REPORTAGE
Vous aimez votre petit noir bien serré avec une belle mousse et un fort goût de torréfaction ? Alors, passez votre chemin ! À moins que vous n’ayez envie de pénétrer dans un univers gustatif différent et envoûtant. Le café colombien est de fait à des années-lumière de l’espresso à l’italienne.
Célèbre pour son goût doux et équilibré, avec des notes florales, et fruitées, il est aromatique avec une acidité vive et un corps velouté. Cette subtile combinaison en fait l’un des cafés les plus recherchés dans le monde entier. La finca La Cabaña à San Augustin dans le département de Huila est fière de compter parmi ses prestigieux clients le fameux restaurant triplement étoilé Noma à Copenhague.
L’exploitation familiale produit bon an mal an 8-10 tonnes de café en bio. «Nous bénéficions d’un terroir idéal à plus de 1700 m d’altitude. Les arbres sont cultivés sur des cendres volcaniques, avec une température qui avoisine les 22°C et des précipitations moyennes de 1200 mm à 1850 m d’altitude. Nous cultivons plusieurs variétés, dont le Caturra, le Bourbon et le Geisha. Chaque caféier donne en environ 400 g de cerises par an, soit 280 g de café torréfié», commente Luis Alejandro Ortega en nous faisant visiter ses cultures.

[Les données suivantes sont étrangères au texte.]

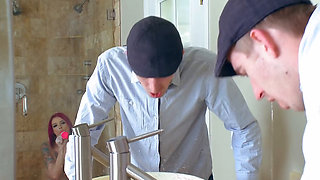 Guy walks into a bathroom and shocked to find people having sex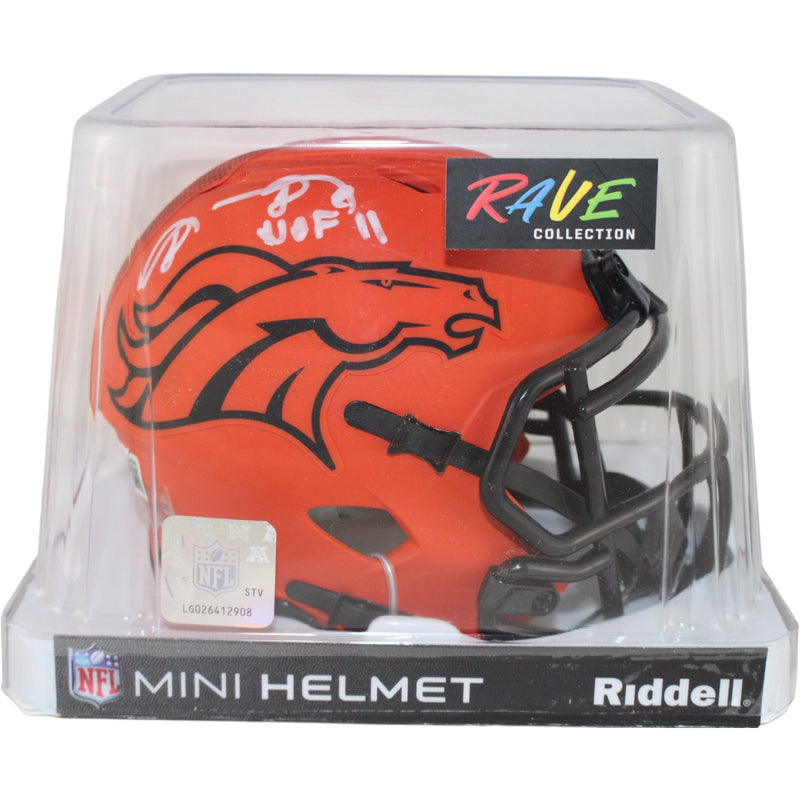 Shannon Sharpe Denver Broncos Signed Rave Mini Helmet (HOF Inscription)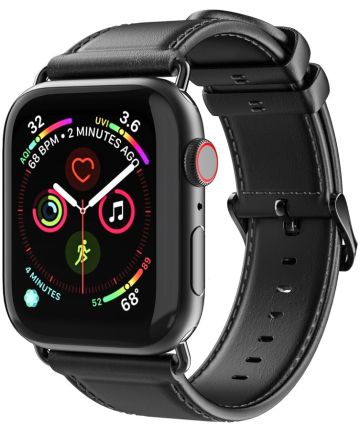Dux Ducis Leren Apple Watch 1-9/SE/Ultra 49/45/44/42MM Bandje Zwart Bandjes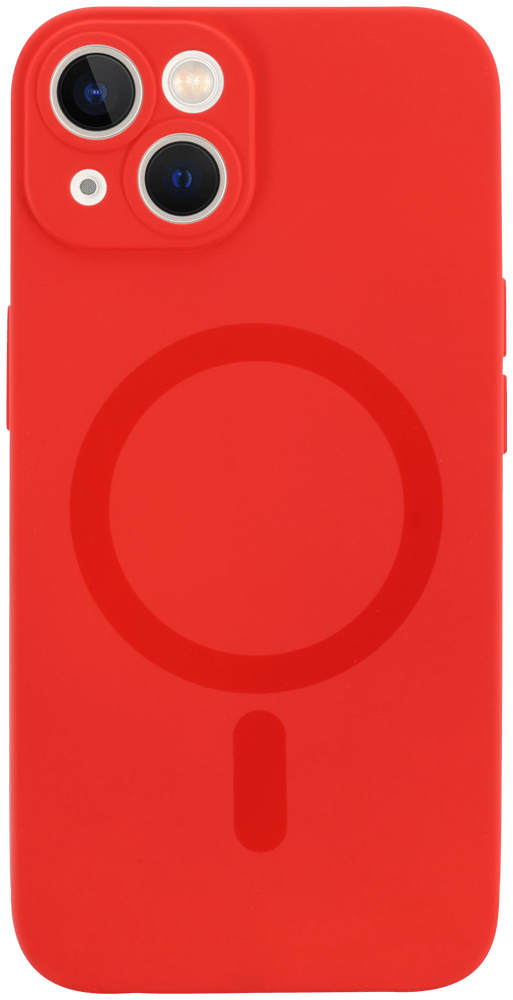 Apple iPhone 14 szilikon tok gyári MagSafe kameravédővel piros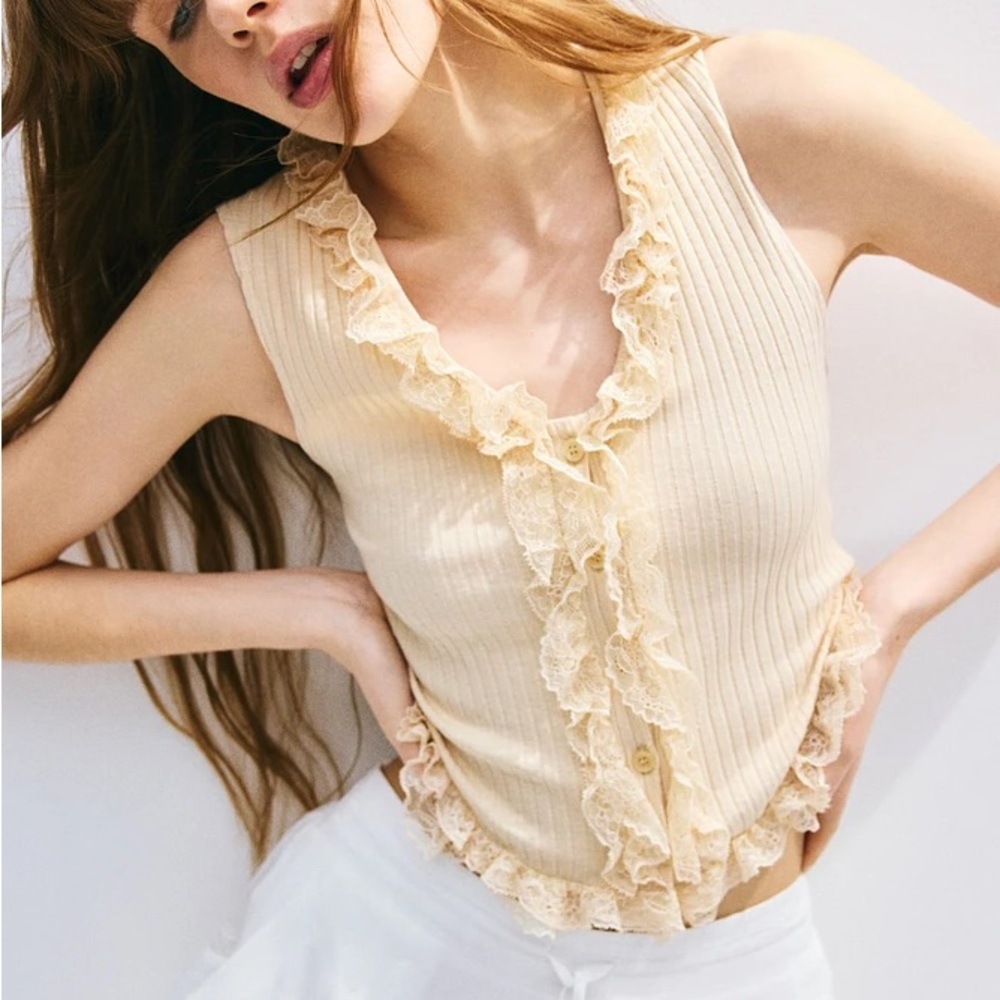 Lace Trim Ribbed Tan Top - Picture 2 of 3
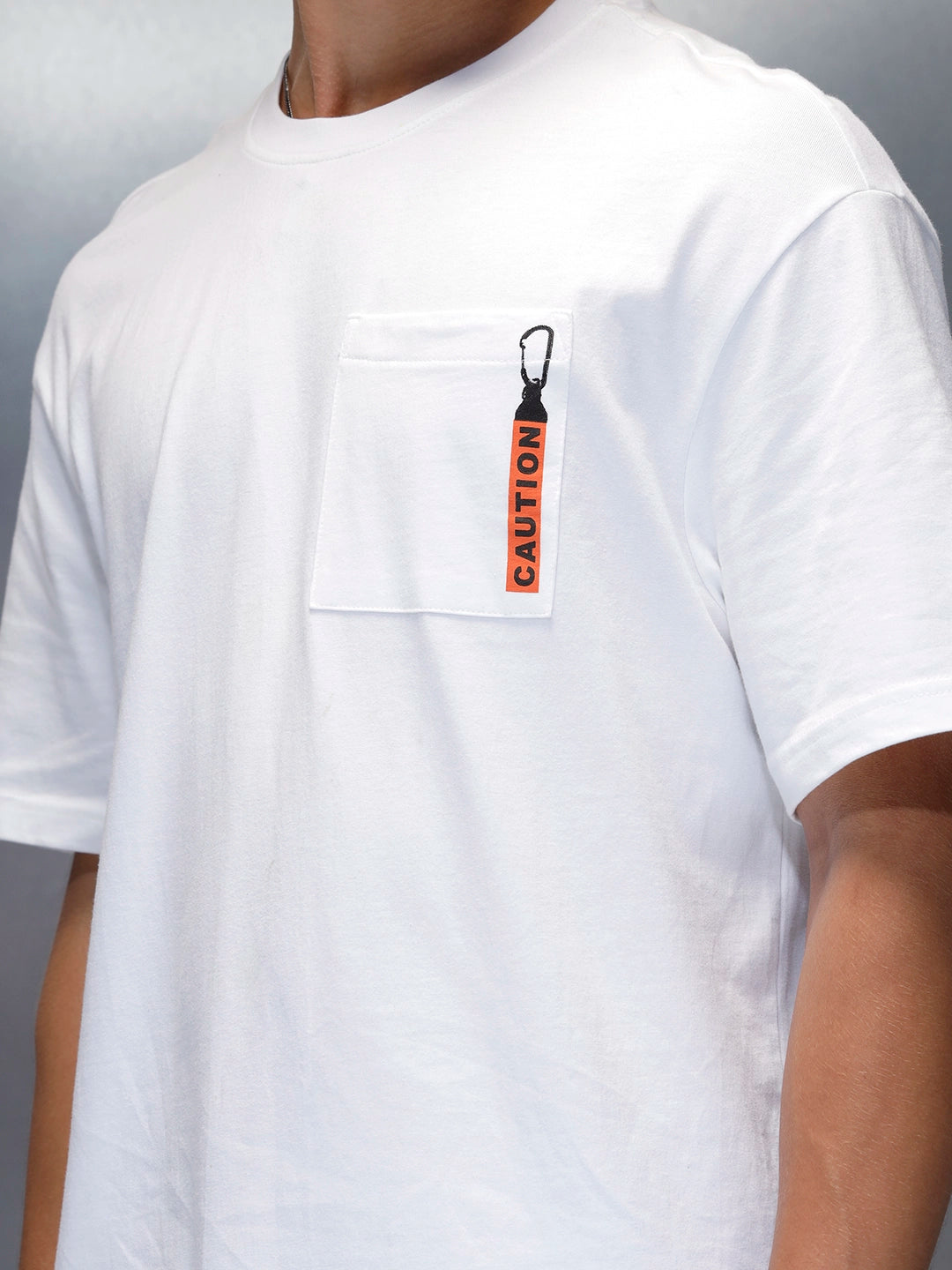Men's Oversized Pocket Printed Graphic T-shirt | White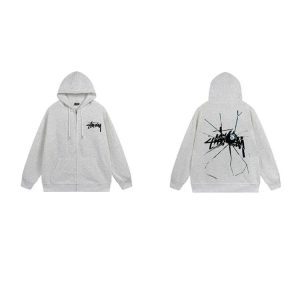 Stussy 8 Ball Zip Up Hoodie Grey Streetwear
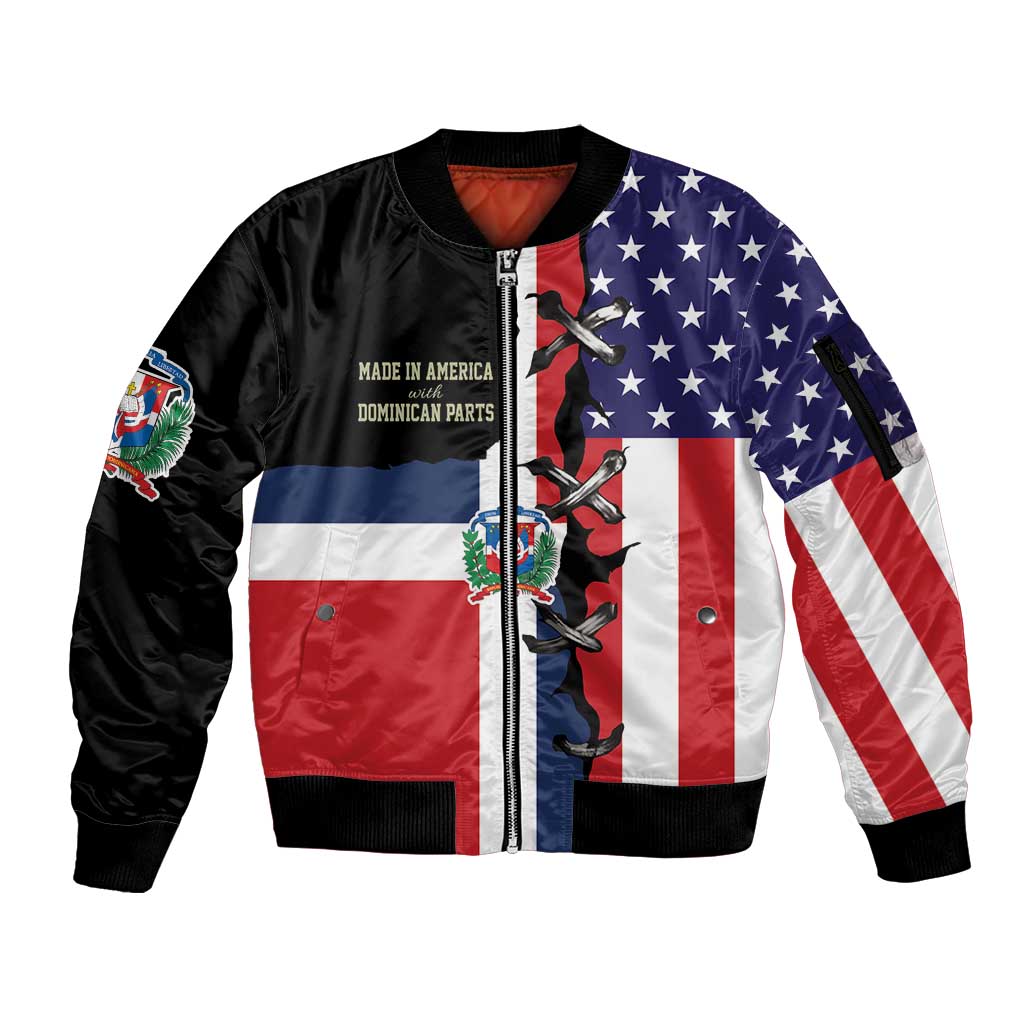 Dominican Republic Sleeve Zip Bomber Jacket Made In America with Dominican Parts DT03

Les cerises mûres sont cueillies à la main, ce qui implique plusieurs passages dans des plantations souvent escarpées. Lavées, triées, dépulpées, elles sont mises à sécher au soleil jusqu’à ce qu’elles atteignent le taux d’humidité optimal. Conditionné dans des sacs de 70 kg, le café est vendu vert pour l’exportation ou torréfié pour la consommation locale à Pitalito, à 40 minutes de San Augustin. La torréfaction dure 18 minutes jusqu’à une température de 205°C afin de faire ressortir les arômes des grains. Un processus tout en douceur, qui donne un breuvage aromatique, mais peu corsé que les plus fins palais s’arrachent, à l’instar du Geisha, qui a récemment défrayé la chronique au Panama de par son prix stratosphérique.
Grâce aux prêtres
Si la Colombie figure dans le quatuor des plus importants producteurs de café au monde, le pays ne fut pas le premier à développer cette culture, originaire d’Éthiopie, en Amérique latine.
Le café a d’abord été apporté en Colombie par des prêtres, une ou deux décennies après son arrivée dans les Amériques via les Caraïbes, dans la première moitié du XVIIe siècle. Il s’agissait probablement d’une culture maraîchère destinée à la consommation locale et au troc pendant des décennies. Le père Francisco Romero serait à l’origine de la culture commerciale du café dans le pays. L’histoire raconte qu’au début des années 1800, le père Francisco, qui entendait des confessions dans la ville de Salazar de la Palmas, dans le nord-est du pays, a demandé à ses paroissiens de planter du café en guise de pénitence pour leurs péchés. L’archevêque de Colombie en entendit parler et ordonna à tous les prêtres d’adopter cette pratique. La production commerciale de café s’est rapidement développée dans les régions où les conditions de culture étaient idéales.